The Geometry of Compression: Why Angles Beat Naive Storage
Get Instant Insight
The best compression does not remember every piece. It remembers how the pieces still fit.
The Core Idea
- The wall. A zellige maker in Fes builds a vast mosaic from a small set of shapes, angles, and edges, working from rules rather than memory.
- The cache. A long-context transformer stores key and value vectors for every past token. Naive storage collapses under its own weight.
- The fix. TurboQuant rotates those vectors into a better coordinate frame, drops precision to about 3.5 bits per channel, and preserves the alignments attention actually uses.
Why It Matters
The practical question for any system pressed for memory: what must still fit once the representation gets smaller? Good compression keeps the rule that produces the surface, not the surface itself.
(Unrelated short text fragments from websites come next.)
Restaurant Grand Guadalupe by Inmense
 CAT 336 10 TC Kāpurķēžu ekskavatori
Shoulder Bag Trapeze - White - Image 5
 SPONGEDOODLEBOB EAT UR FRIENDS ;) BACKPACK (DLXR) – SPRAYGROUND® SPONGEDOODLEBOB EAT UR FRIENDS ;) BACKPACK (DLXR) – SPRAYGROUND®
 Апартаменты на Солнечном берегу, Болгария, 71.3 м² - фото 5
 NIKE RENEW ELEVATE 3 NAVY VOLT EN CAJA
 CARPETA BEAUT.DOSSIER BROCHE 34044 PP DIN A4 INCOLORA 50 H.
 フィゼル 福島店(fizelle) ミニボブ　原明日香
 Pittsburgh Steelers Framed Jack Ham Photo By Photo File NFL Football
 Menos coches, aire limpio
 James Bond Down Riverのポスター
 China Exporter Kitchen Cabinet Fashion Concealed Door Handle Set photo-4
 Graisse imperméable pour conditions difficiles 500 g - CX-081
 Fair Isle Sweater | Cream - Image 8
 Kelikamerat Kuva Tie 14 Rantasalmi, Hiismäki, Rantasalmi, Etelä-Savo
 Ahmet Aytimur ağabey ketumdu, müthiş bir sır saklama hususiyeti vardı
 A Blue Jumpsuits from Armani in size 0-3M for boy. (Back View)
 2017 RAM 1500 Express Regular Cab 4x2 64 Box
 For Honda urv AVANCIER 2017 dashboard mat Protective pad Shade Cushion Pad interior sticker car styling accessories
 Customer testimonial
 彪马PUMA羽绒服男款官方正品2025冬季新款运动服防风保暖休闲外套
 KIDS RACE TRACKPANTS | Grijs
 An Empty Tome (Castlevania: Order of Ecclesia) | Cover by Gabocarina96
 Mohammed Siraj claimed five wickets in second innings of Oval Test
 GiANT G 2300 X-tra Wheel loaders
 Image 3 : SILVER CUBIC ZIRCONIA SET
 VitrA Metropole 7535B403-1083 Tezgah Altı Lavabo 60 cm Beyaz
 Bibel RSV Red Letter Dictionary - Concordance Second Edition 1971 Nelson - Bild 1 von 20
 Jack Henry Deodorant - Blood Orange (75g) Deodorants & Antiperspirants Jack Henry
[ NEURAL COMPRESSION COMPLETE ]
80% signal retained.
Full depth below.
The best compression is geometry, not picture.
A zellige wall is not stored in anyone's head tile by tile.
Zellige (الزليج) is traditional Moroccan mosaic work: small ceramic tiles, cut by hand, fitted into stars, crosses, knots, and repeating fields. From a distance it looks like a single ornate image. Up close, it is a puzzle of edges and angles.
The wall comes from a few instructions: draw this grid, cut these shapes, repeat this angle, let edges meet.
The wall is the output.
The same idea sits inside one of AI's expensive bottlenecks: the key-value cache of a long-context transformer.
A transformer is the network behind most language models; its cache is a memory shelf for traces of every previous token.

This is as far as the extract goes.